The Westerly News reported last week that B.C.’s Conservation Officer Service has concluded its investigation into the incident and will not be pursuing charges against O’Brien or Red Bull.

Josh Temple was appalled by the news.

Temple, a 20-year local who works on the water as a fishing and adventure guide, was one of the first to sound the alarm on the video. He had seen it through social media on Aug. 27 and initially liked what he was watching but, the minute he saw the flaming log, he reported it to the Conservation Office’s RAPP line expecting an investigation to lead to charges.

He told the Westerly News on Sunday that he was “highly disappointed” to hear that wouldn’t be the case.

“My expectation was that they would give this investigation the amount of attention and thoroughness that it deserves,” he said.

“I have a tremendous amount of respect and work closely with DFO and the CO’s but it doesn’t seem to me like this was investigated very thoroughly…Especially considering the sensitive nature of the environment that this stunt was performed in.”

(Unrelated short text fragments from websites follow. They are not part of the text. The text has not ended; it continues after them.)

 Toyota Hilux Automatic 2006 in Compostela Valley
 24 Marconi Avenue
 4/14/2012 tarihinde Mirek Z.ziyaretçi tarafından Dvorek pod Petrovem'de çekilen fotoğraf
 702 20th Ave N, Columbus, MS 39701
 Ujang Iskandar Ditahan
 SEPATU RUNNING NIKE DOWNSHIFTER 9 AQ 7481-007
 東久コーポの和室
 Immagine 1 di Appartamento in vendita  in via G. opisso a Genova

Kennedy Lake is an important watershed and is protected as both a B.C. Park and a Tla-o-qui-aht Tribal Park. Temple was gobsmacked to read CO sergeant Ben York’s comments in last week’s Westerly suggesting the exact location of the log could not be pinpointed.

“I don’t know how they couldn’t determine where that took place because I told them exactly where it took place.” Temple said adding landmarks in the clip made the location obvious to him.

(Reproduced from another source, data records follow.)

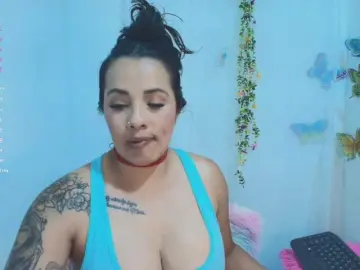 Bongacams Live Sex Cam of ashleyxx20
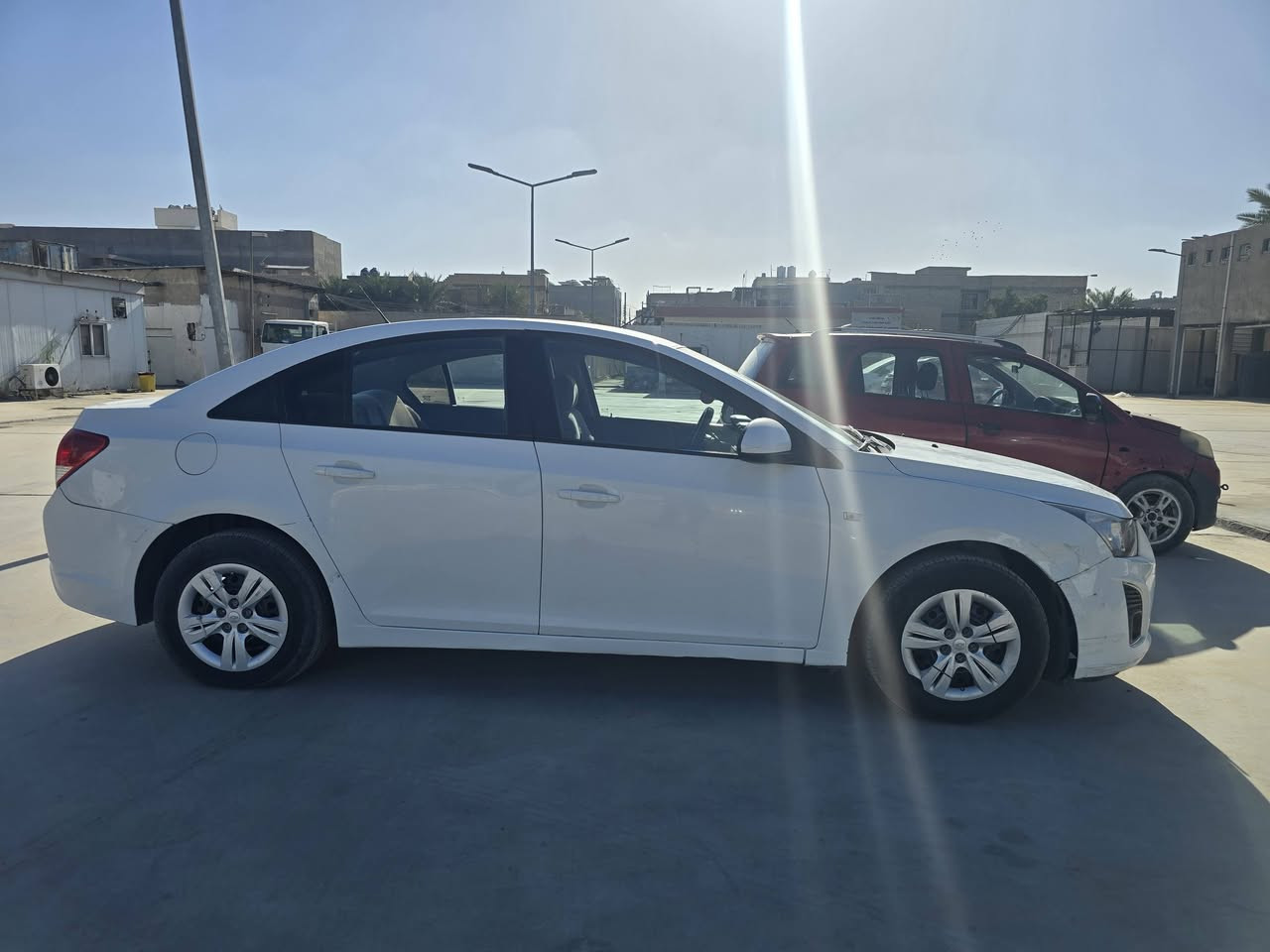 يا الله السلام عليكم
شوفرليت كروز موديل 2013  مكينة 1800 المرغوب وارد امريكي رقم سليمانية ب اسمي تحويل ثاني يوم
السيارة ماشية 100 ميل
مكينة جديدة وكير جديد علة 24 حباية
تبريد وتدفئة تجرش بلصيف تحتر بلشتاء
شاشة نظام اندرويد 
كامرة دوارة
4 جام اوتو
المري كهربائي
تحكم ستيرن جهة وحدة
تايرات زوج امامي جدد 
صدرهة كامل نقصة قاعدة دبل وحدة وشمعات
السيارة ضربتهة جاملغ عكس السايق مصلح نفسة ومصبوغ وبارد علة كد شبر بين البابتين جهة السايق
بقية السيارة خير من الله كاملة مكملة علة 24 حباية  تشغل وتطلع  مكاني بغداد / الشعب
السعر 82 ورقة وبيهة مجال بسيط حك الجية  
***********
واسف عل اطالة❤️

“By the boat launch at Kennedy Lake, at the mouth of the Kennedy River, you can still see the log…It doesn’t make a lot of sense to me that they can’t properly determine where this incident happened.”

He said he could have taken conservation officers to the spot he believes the shot occurred but they never reached out to him and he questioned why they didn’t reach out to the people involved in filming the scene either.

“In my mind, if the CO’s opinion is that this type of activity doesn’t warrant investigation, what kind of message are we sending to future film crews that are going to be doing this type of thing in our environment?” he asked. “I’m appalled that this is how they handled the situation.”

He also questioned how the CO determined the Red Bull crew only doused the log with a small amount of petroleum without knowing how many takes it took to get the shot used in the film.

Tofino mayor Josie Osborne told the Westerly that she hopes film crews eyeing the West Coast in the future will note the public outcry against Red Bull and treat the area with respect.

“I’d like to think this kind of thing isn’t going to happen just because people saw it on Red Bull’s social media and thought ‘Hey, that’s cool. I’m going to go try it at home,’” she said.

“But, anyone who was on social media and paid attention to the reaction from Tofino locals, as well as to the reaction on Red Bull’s Facebook page and Twitter accounts from locals expressly responding to the video, would see they sure shouldn’t try that again in the Tofino area.”

Temple agreed the clear and consistent public outcry sent a strong message but said the absence of any penalty sets a “bad precedent” moving forward and that he would continue pushing for charges to be laid in relation to the video.

“I agree that the public outcry was fantastic. Our community reacted to it appropriately. I think they sent the right message to future film crews that might be thinking about doing the same thing in our area that this is unacceptable to local residents,” he said.

“But, at the same time, I think that the proper authorities have to follow up on something like this because that’s why we have these systems in place…That’s why we have these authorities like DFO and Ministry of Environment that are supposed to be looking after our area and our environment and our watersheds.”